Espera-se – sem a devida garantia – que futuramente as autoridades consigam apurar, de acordo com os princípios do direito internacional, as devidas responsabilidades dos actores envolvidos no conflito. No entanto, estas autoridades externas aos conflitos mostram-se incapazes de conter a instauração de um estado de guerra, com a genética de uma zona de indistinção efectiva e activa, sempre regido pelos ditames dos beligerantes.
É, assim, que, segundo Mbembe, “(…). As pessoas abandonam um espaço e estabelecem‐se noutro, para serem desalojadas pelo terror, confrontadas com circunstâncias imprevisíveis e obrigadas a estabelecer‐se, de novo, onde podem”.
É dentro de um estado de guerra que se experiência, na prática, a necropolítica, que inscreve, historicamente, o surgimento de um poder soberano ilimitado que detém o poder social e político de decidir sobre a forma de viver e de morrer. Trata-se de um conceito igualmente desenvolvido por Achille Mbembe, que se traduz numa reinscrição ou reutilização conceptual do conceito de biopolítica do filósofo Michel Foucault.

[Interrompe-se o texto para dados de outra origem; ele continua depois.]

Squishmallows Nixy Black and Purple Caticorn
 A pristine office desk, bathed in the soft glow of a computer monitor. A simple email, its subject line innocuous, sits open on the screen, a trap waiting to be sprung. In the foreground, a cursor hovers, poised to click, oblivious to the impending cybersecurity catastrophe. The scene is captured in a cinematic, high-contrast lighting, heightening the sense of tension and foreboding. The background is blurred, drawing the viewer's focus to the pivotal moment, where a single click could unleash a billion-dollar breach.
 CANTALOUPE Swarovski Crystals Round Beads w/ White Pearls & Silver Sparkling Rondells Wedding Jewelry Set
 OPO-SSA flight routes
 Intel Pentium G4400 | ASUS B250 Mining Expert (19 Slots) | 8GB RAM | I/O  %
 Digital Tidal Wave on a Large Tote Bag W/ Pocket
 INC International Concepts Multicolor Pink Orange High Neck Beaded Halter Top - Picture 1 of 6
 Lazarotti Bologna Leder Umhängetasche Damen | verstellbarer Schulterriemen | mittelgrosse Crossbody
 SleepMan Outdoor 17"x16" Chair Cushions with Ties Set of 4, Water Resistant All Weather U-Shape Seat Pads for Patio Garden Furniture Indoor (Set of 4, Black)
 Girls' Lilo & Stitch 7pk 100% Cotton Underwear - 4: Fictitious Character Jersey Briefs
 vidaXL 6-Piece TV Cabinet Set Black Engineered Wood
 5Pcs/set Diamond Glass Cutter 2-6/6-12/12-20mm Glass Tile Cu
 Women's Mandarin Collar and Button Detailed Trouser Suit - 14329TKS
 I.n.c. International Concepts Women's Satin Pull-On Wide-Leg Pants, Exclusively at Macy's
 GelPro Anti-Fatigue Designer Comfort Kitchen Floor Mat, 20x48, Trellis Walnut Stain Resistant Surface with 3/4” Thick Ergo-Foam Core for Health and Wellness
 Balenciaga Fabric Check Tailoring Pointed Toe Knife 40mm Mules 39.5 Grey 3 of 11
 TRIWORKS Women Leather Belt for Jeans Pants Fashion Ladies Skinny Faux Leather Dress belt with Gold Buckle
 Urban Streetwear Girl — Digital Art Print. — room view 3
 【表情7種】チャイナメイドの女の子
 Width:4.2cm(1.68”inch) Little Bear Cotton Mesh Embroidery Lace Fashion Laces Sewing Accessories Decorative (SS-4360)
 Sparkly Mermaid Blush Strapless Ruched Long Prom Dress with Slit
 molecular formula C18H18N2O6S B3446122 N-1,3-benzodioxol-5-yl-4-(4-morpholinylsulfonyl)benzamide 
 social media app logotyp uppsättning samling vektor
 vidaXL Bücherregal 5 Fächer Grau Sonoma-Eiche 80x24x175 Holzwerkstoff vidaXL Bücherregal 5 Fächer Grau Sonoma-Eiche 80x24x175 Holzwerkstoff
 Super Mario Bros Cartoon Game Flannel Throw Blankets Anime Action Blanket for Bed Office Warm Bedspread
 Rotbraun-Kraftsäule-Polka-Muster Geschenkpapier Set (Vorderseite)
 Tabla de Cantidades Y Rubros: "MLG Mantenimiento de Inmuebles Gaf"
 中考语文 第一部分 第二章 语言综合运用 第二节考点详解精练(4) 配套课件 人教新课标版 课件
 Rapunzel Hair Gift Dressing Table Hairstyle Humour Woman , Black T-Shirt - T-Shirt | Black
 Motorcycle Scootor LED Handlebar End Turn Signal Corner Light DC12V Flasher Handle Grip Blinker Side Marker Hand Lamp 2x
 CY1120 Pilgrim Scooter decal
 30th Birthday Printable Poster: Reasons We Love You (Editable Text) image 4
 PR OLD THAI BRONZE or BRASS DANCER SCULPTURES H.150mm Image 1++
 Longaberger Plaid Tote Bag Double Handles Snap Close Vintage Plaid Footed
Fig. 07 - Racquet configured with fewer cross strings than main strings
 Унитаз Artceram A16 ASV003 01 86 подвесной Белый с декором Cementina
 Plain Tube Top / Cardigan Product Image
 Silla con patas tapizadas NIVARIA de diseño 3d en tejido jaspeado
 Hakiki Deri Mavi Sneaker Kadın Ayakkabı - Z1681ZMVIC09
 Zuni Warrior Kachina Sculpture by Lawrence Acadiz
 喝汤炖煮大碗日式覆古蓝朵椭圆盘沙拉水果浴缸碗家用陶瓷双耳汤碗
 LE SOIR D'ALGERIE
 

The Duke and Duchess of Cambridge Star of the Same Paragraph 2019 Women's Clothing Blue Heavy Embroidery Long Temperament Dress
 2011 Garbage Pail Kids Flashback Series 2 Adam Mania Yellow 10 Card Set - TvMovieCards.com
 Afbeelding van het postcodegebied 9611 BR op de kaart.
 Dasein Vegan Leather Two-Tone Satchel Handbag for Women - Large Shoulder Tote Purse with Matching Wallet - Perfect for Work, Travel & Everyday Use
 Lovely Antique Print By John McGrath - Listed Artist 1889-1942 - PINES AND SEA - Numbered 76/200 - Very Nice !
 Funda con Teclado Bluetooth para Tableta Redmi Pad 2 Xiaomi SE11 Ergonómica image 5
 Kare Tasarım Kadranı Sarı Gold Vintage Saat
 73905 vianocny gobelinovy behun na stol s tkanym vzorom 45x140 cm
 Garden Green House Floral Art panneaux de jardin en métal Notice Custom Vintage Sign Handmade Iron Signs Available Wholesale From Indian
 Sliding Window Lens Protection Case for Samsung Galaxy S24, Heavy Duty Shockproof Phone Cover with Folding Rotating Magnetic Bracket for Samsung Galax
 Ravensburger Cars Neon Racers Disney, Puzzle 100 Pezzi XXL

Assim, a morte de um sujeito dentro de um estado de guerra ganha contornos de pluralidade, passando a ser uma experiência colectiva, e não individual, gerando uma consciência colectiva de morte e de resistência, inscrita num registo histórico de uma soberania de necropolítica e, por outro lado, poderá servir, futuramente, para a construção da nação através do trauma geral de um povo. De qualquer forma, não deixa de constituir uma negação política da vida, enquanto forma assertiva de afirmação do eu subjectivo ou da individualidade humana.
É nesta conformidade que Mbembe defende que “o estado de guerra na África [inclusive em regiões marcadas por uma violência histórica e longa] contemporânea deveria ser concebido como uma experiência cultural geral que configura identidades, tal como o fazem a família, a escola e outras instituições sociais”.
O autor escreve de acordo com a antiga ortografia.